Netflix (NASDAQ:NFLX) is taking several measures to deepen subscriber engagement and drive additional revenue amid growing competition in the streaming space. One such initiative is selling merchandise based on its content. Earlier, the company made merchandise tied to its hit shows. However, the company is now creating merchandise way before the release of a show, as noted by a Wall Street Journal report.
Netflix Strives to Enhance Subscriber Engagement
Previously, Netflix made merchandise for shows like Stranger Things and The Witcher only after they attained popularity. The streaming giant has now changed its approach, taking inspiration from rival Walt Disney (NYSE:DIS), which has been creating merchandise linked to the characters from its movies and theme parks for decades. As per the Wall Street Journal, Netflix began working on the merchandise for the new series One Piece 18 months ago rather than waiting for it to become a hit.
One Piece is a live-action series based on a famous Japanese manga (a term used for comic books, cartoons, and graphic novels in Japan) of the same name. Merchandise based on the show includes keychains that are sold at U.S. Walmart stores (NYSE:WMT), sweatshirts available at fashion retailer Zara, and figurines made in collaboration with Japanese merchandise company Bandai, among others. To Netflix’s luck, the series, which debuted on August 31, is already a huge success.
Interestingly, the company has also been working on creating experiences like a pop-up restaurant featuring chefs of food-based reality shows and themed events based on series like Bridgerton and Stranger Things.
Netflix’s growing interest in creating merchandise and experiences tied to its content comes at a time when the company is trying to boost its subscriber base and improve its profitability through measures like the rollout of an ad-supported tier and a crackdown on password sharing.
Netflix’s new strategy of creating merchandise before a show’s release is also supported by the fact that the company has now built a pipeline of its own content rather than entirely depending on shows licensed from other studios.
Overall, the company is focused on strengthening its relationship with its subscribers and bringing in an additional source of revenue by selling products based on its shows.

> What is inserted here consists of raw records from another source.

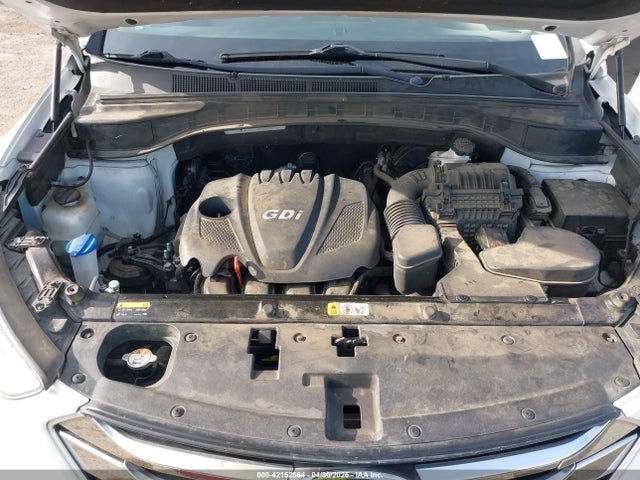 5XYZUDLB6FG286343 Hyundai Santa Fe Sport 2.4l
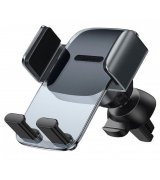 Автомобильный держатель Baseus Easy Control Clamp Air Outlet Version Black (SUYK000101)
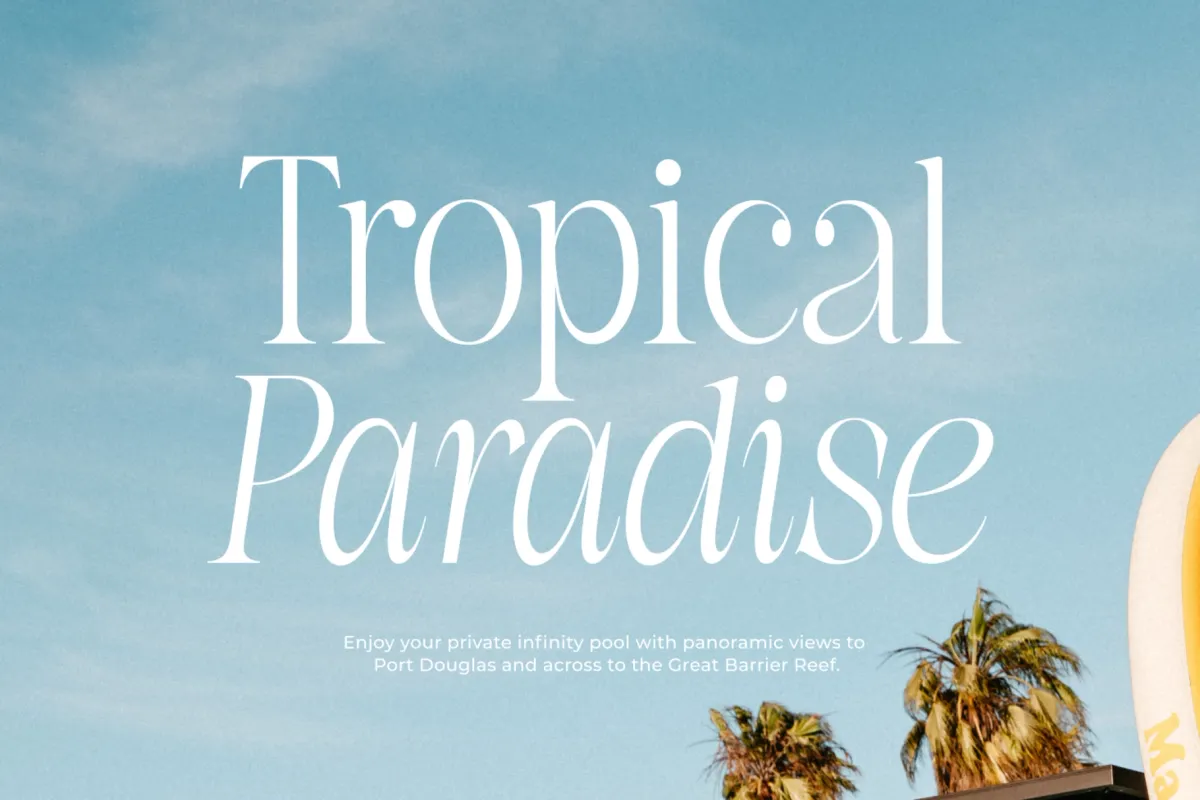 La Fleur Grande – Elegant Serif Font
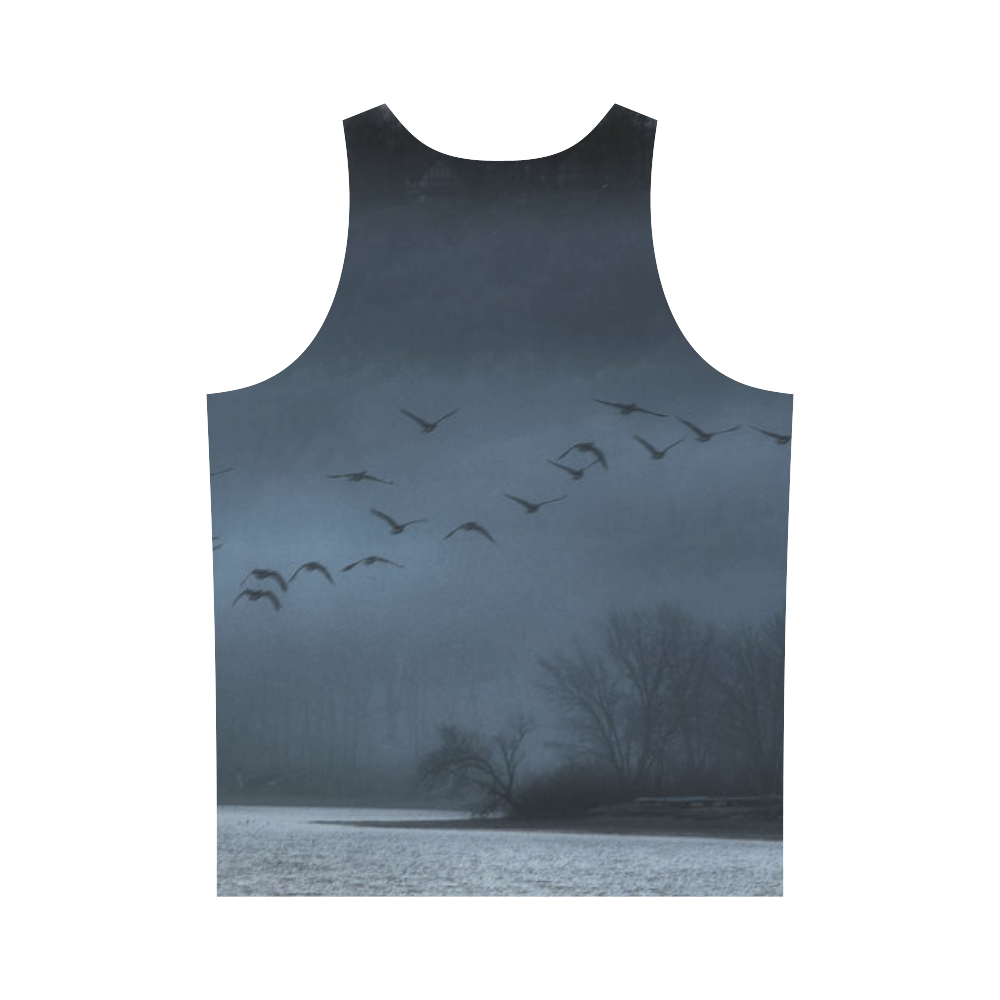 FLOCKIN All Over Print Tank Top for Men (Model T43)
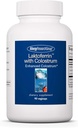 Gruppo di ricerca allergia Laktoferrin con Colostrum Supplement - Lactoferrin, Bovine Colostrum, Immunoglobulina, Lysozyme, IgG, IGA, IgM, Capsule vegetali - 90 Conte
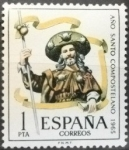 Stamps : Europe : Spain :  Año Santo Compostelano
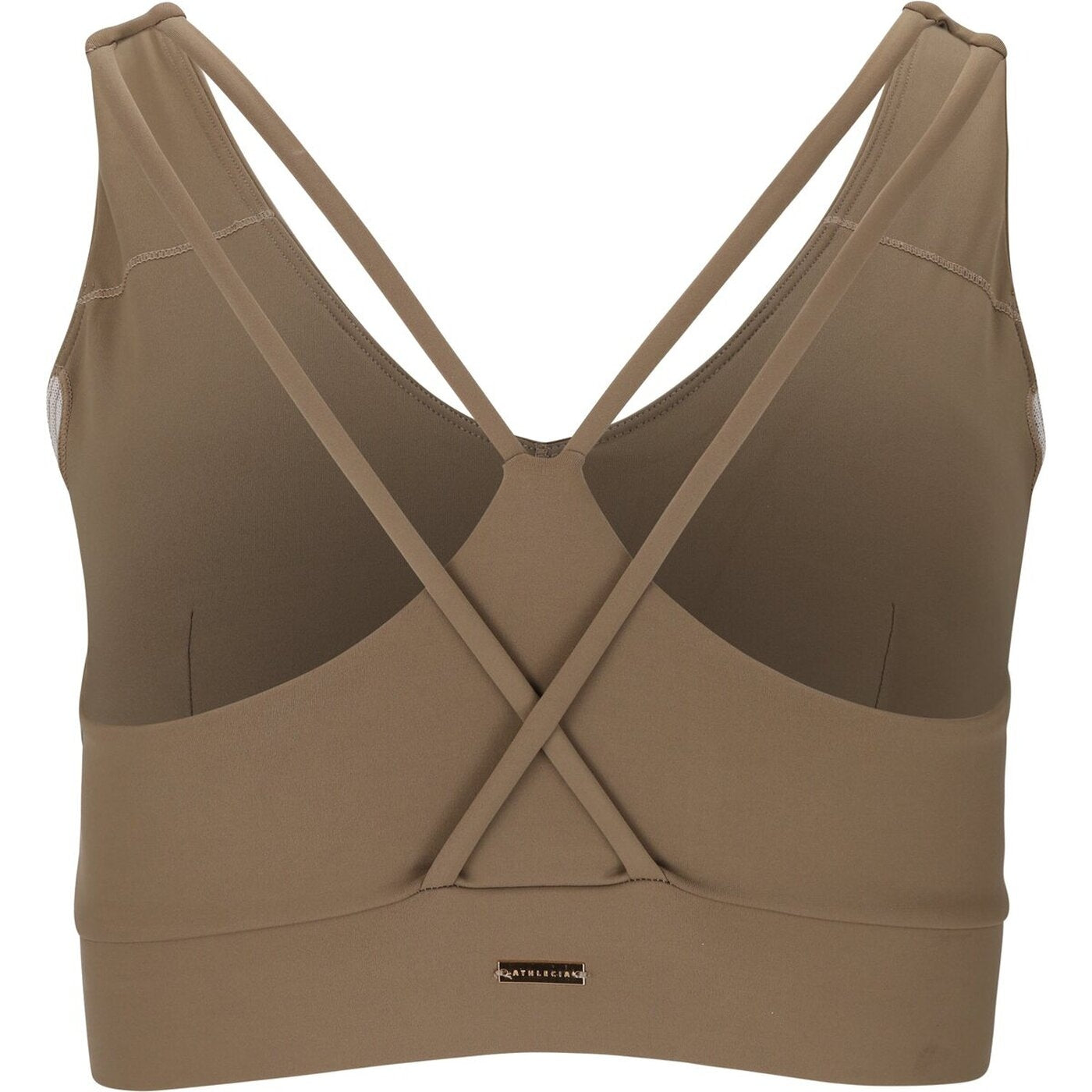 Dilraba W Sports Bra WALNUT WALNUT Bild 2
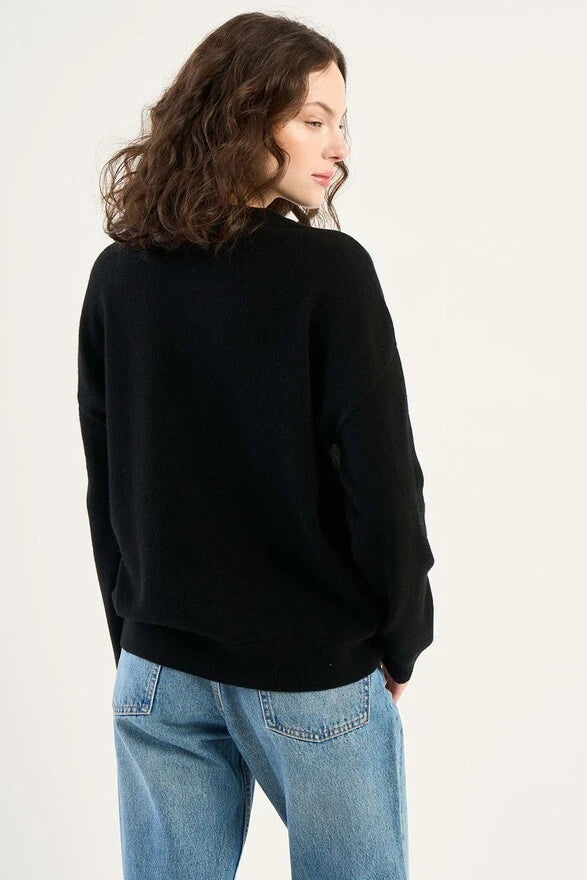 Mapoupette pull - Noir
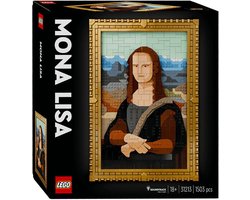 LEGO Art - Mona Lisa - 31213 Image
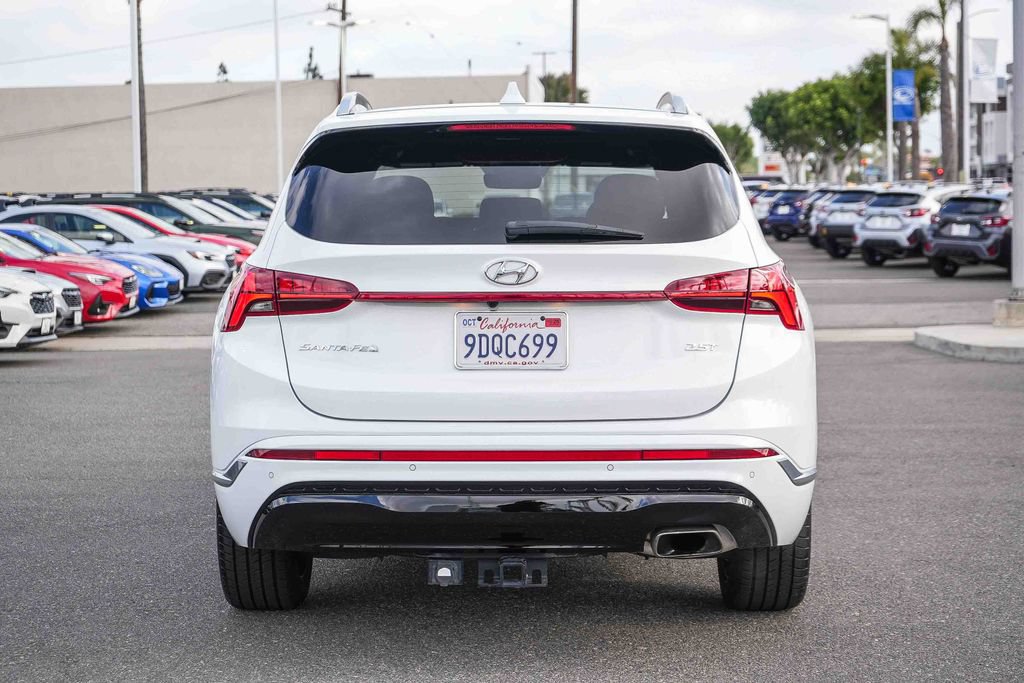 Used 2023 Hyundai Santa Fe Calligraphy FWD image 9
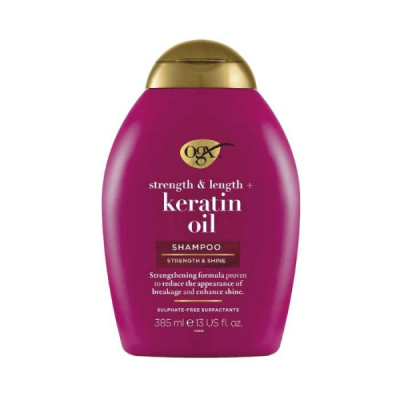 OGX KERATIN OIL SHAMPOING 385 ML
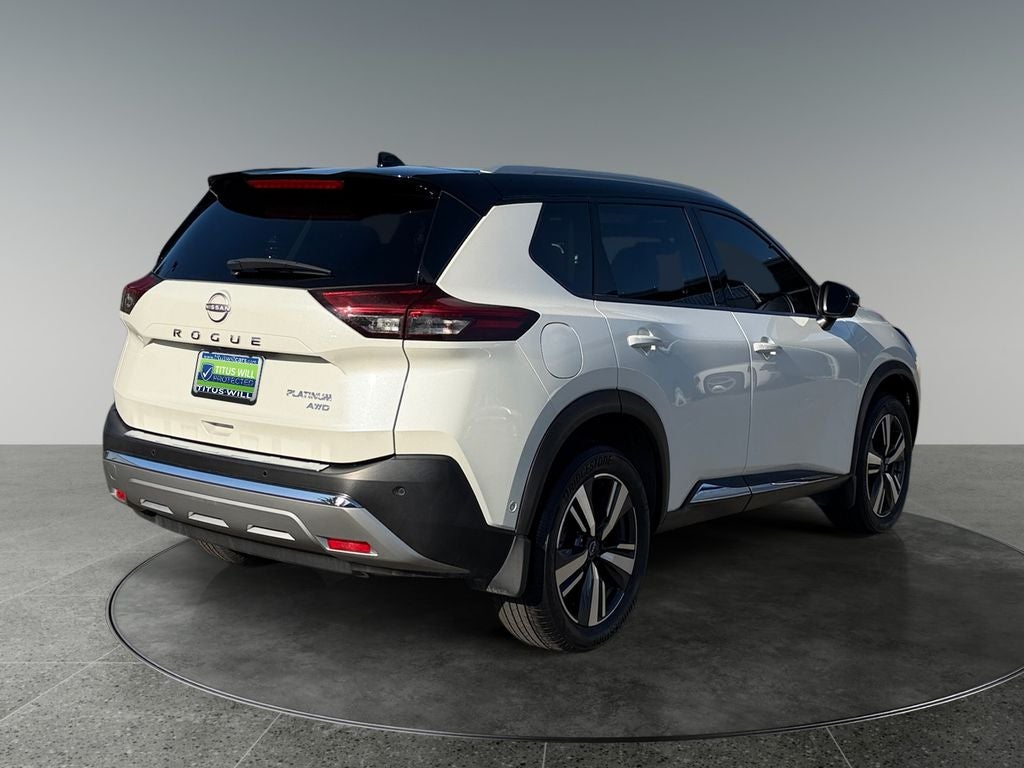 2023 Nissan Rogue Platinum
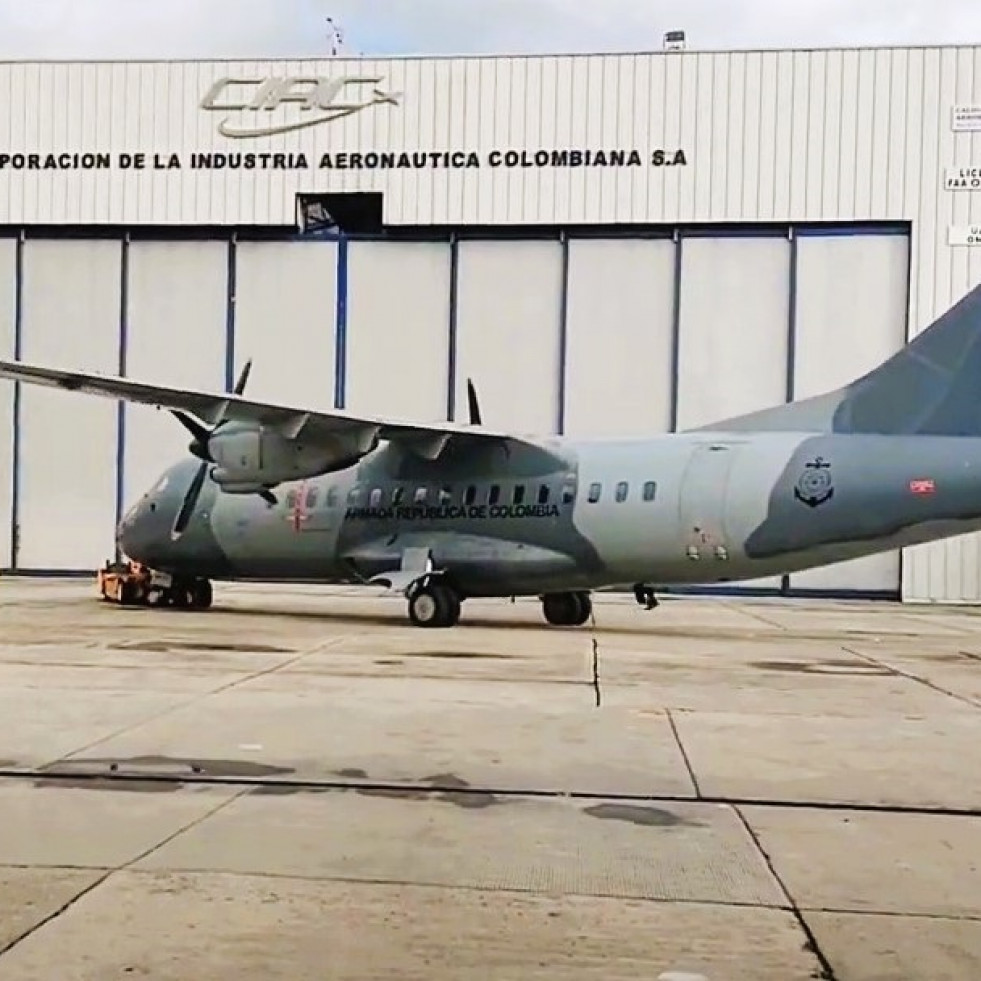 ATR 42 ARC. Foto Infodefensa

Is Netflix a Good Stock to Buy?
Last week, J.P.Morgan analyst Doug Anmuth lowered his price target for Netflix to $455 from $505 but maintained a Buy rating on the stock ahead of the Q3 2023 earnings report on October 13. The analyst explained that investor conversations indicate concerns about paid sharing being less impactful than expected. Additionally, the 2024 margin expansion could be less impressive than anticipated.
With 18 Buys, 12 Holds, and one Sell, Wall Street has a Moderate Buy consensus rating on NFLX stock. The average price target of $472.64 implies 24.3% upside potential. Shares have risen 29% year-to-date.